In the first year after starting treatment with ETI, the total number of documented pulmonary exacerbations requiring antibiotic treatment was reduced by 75.9%. In a phase III study in pwCF and a single copy of F508del, the number of exacerbations was reduced by 62.2% after 24 weeks of treatment with ETI.9 Another study in pwCF and advanced lung disease showed that treatment with ETI for 48 weeks reduced the rate of pulmonary exacerbations (also defined based on change in use of any antibiotic) by 97%.26 In the latter study, the authors speculated that limitations on contact outside the household during the COVID 19 pandemic may have contributed to the near elimination of pulmonary exacerbations seen. The majority of the current study also took place during the COVID-19 pandemic due to the timing of approval of ETI in Europe. Thus, although there is no doubt that treatment with ETI reduces the number of pulmonary exacerbations, we cannot rule out the possibility that measures such as self-isolation and wearing masks during the COVID-19 pandemic could also have contributed to the reduction in the number of exacerbations seen. A more detailed analysis of exacerbations over each year since the start of the COVID-19 pandemic is planned and might provide better insight. Regardless of the contributing factors, a reduction in the number of exacerbations could contribute to better long-term outcomes for pwCF (e.g., survival) because exacerbations are a risk factor for faster decline in FEV1.27
As a clinical marker of CFTR function, the sweat chloride concentration is related to disease severity and is predictive of mortality, lung function and BMI.28 The absolute change in sweat chloride concentration from 97.0 mmol/L in the year before ETI to 46.1 mmol/L in the year after initiation of ETI in our cohort is greater than that in studies including only F508del homozygous pwCF.8,11 The absolute mean change of 50.9 mmol/L in the current study was also greater than that in the PROMISE study (41.7 mmol/L after 6 months).21 As in the PROMISE study,21 we found a significant difference between males and females regarding the change in sweat chloride concentration, but not for BMI and ppFEV1 after initiation of ETI.
Since the licensing of ETI in the US in November 2019 and in Europe in August 2020, the current study represents the largest cohort of pwCF receiving ETI treatment from Europe and the study includes a follow-up period of 12 months. In comparison, the recent PROMISE study reported on a smaller cohort (487 pwCF) and a shorter follow-up (six months).21 Despite this important strength regarding sample size and follow-up duration, a number of limitations need to be considered. Real-world evidence (RWE) studies may have selection bias because the pwCF included might not be representative of the overall population due to the impact of specific factors on inclusion, including medical conditions or treatment history. Furthermore, the external validity of the current study may be limited due to the specific nature of the study population (i.e., all pwCF were from Germany). When evaluating RWE studies such as ours, two important factors should be considered: data quality and confounding factors.

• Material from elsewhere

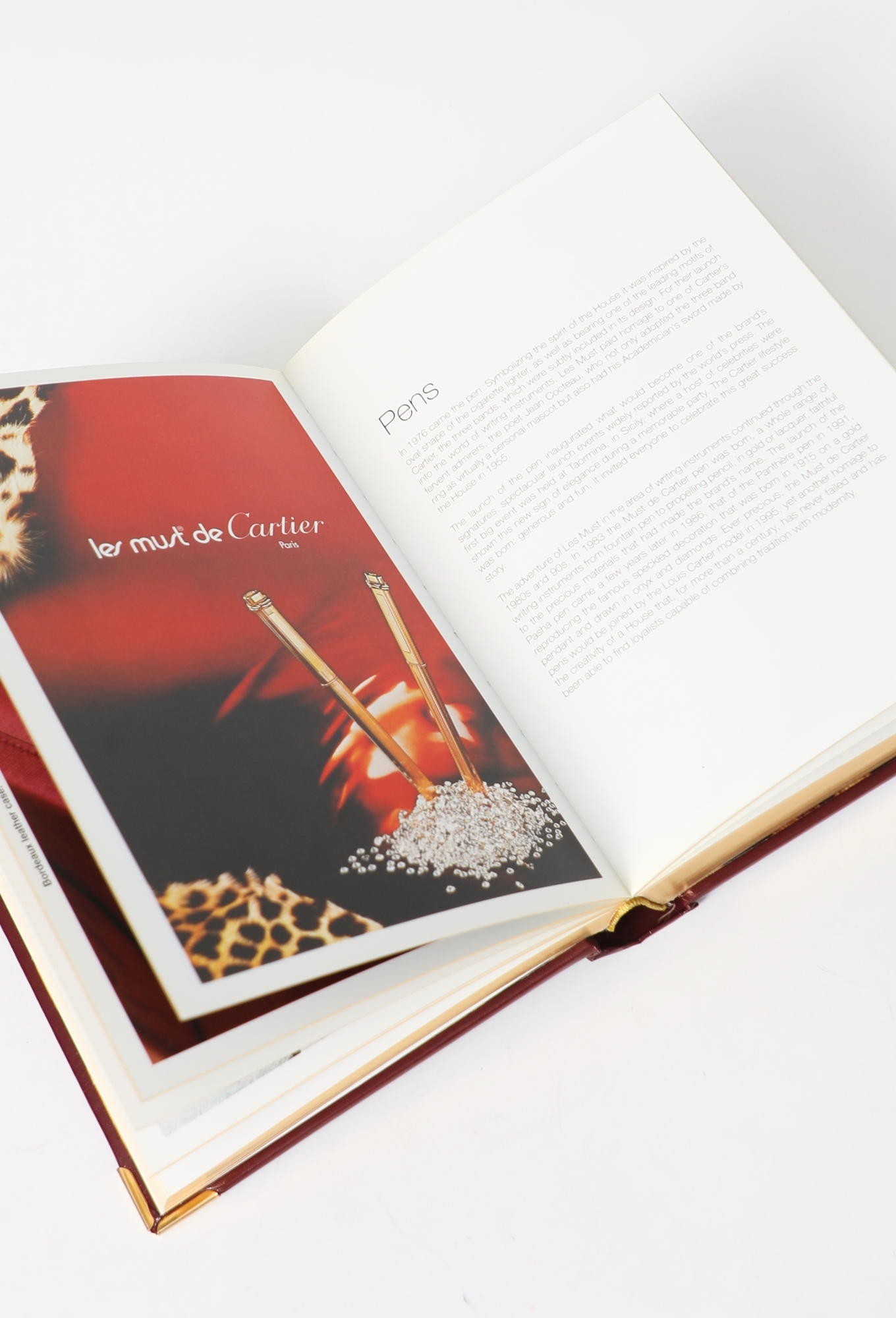Must de Cartier' Book - Cartier | ReSee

Real-world studies typically rely on electronic health records or administrative claims data, which may lack relevant information or contain errors. Additionally, unmeasured or uncontrolled confounding factors, such as lifestyle or environmental factors, can influence the results of RWE studies.15 The German CF Registry does not currently document side effects related to treatment with CFTR modulators. This represents a limitation in our data, especially in the context of growing concerns regarding intolerance of CFTR modulator therapy. Finally, the pre-post design of the analysis and the lack of a control group has some inherent limitations. For example, differences between pre- and post-values can be affected by factors other than the treatment of interest (e.g., biological changes), and regression to the mean can lead to misinterpretation of natural variation in repeated data as a real change.
In conclusion, these findings provide important insights into the real-world impact of ETI on pwCF in Germany. The data show that ETI therapy provides significant clinical benefits in a heterogenous group of pwCF. In addition, the BMI data highlight the importance of carefully monitoring weight status and performing cardiovascular screening to help mitigate any potential risks of body weight changes after initiation of ETI.
Contributors
Study conception: SS, LN, MB.
Data acquisition and analysis: all authors.
Data interpretation: all authors.
Writing the original manuscript: SS, SD, LN, SN, SaS.
Revising the work for important intellectual content: all authors.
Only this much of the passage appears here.